The paper FFJORD: Free-form Continuous Dynamics for Scalable Reversible Generative Models presents a continuous-time flow as a generative model which uses Hutchinson's trace estimator to give an unbiased estimate of the log-density, allowing for unrestricted network architectures at the cost of approximate Jacobian determinant computation.

They define the model by the following ODE: $$\frac{\partial \mathbf{z}(t)}{\partial t} = f(\mathbf{z}(t), t; \theta)$$ and show that the total change in log-density can be computed by integrating across time: $$\log p(\mathbf{z}(t_1)) = \log p(\mathbf{z}(t_0)) - \int_{t_0}^{t_1} \mathrm{Tr}\left(\frac{\partial f}{\partial \mathbf{z}(t)} \right) \mathop{dt}$$

On page 4, the authors argue that vector-Jacobian products $$v^T \frac{\partial f}{\partial \mathbf{z}}$$ can be computed for the same cost as evaluating $$f$$ using reverse-mode automatic differentiation. Can someone explain to me how this is true?

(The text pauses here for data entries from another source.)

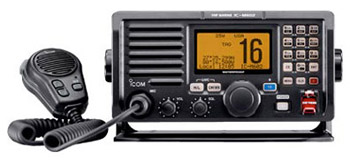 Icom M604 Black Fixed Mount VHF Radio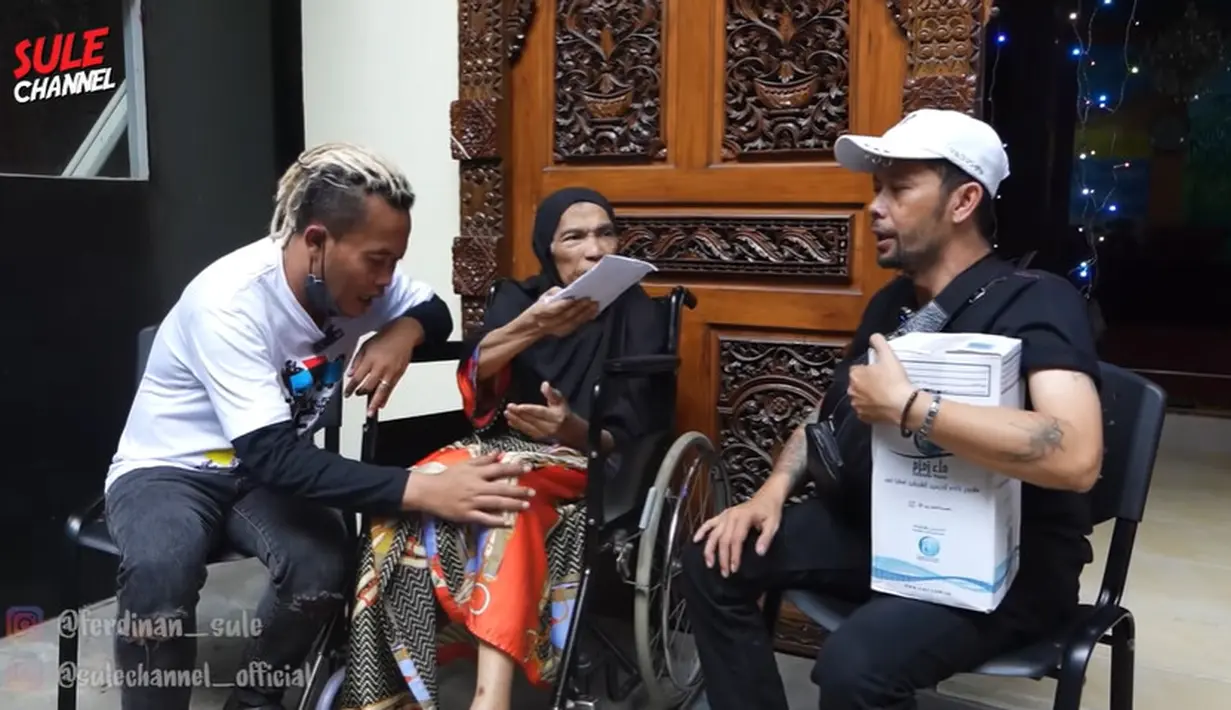 Sule dan Dorce Gamalama (Youtube/SULE Channel)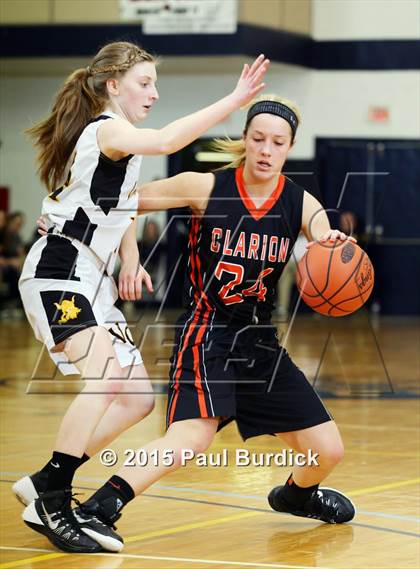 Thumbnail 1 in Venango Catholic vs. Clarion Area (District IX A Championship) photogallery.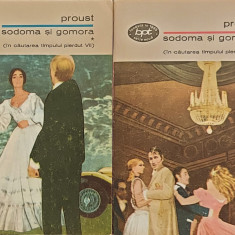 Sodoma si gomora (vol. 1 + 2) - Proust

1. calculate the gradient $$\frac{\partial \hat{f}} {\partial \theta}$$ of a scalar function $$\hat{f}$$, with a time complexity equal to a constant multiple of the time to calculate $$\hat{f}$$.
2. calculate the vector jacobian product $$v^T \frac{\partial f}{\partial z}$$, for some constant vector $$v$$, and vector valued function $$f$$, with a time complexity equal to a constant multiple of the time to calculate $$f$$.
Hence the claim is just a result of 2). Notably, calculating the vector-jacobian product is not the same amount of time to calculate $$f$$, but it's bounded by a constant of 4.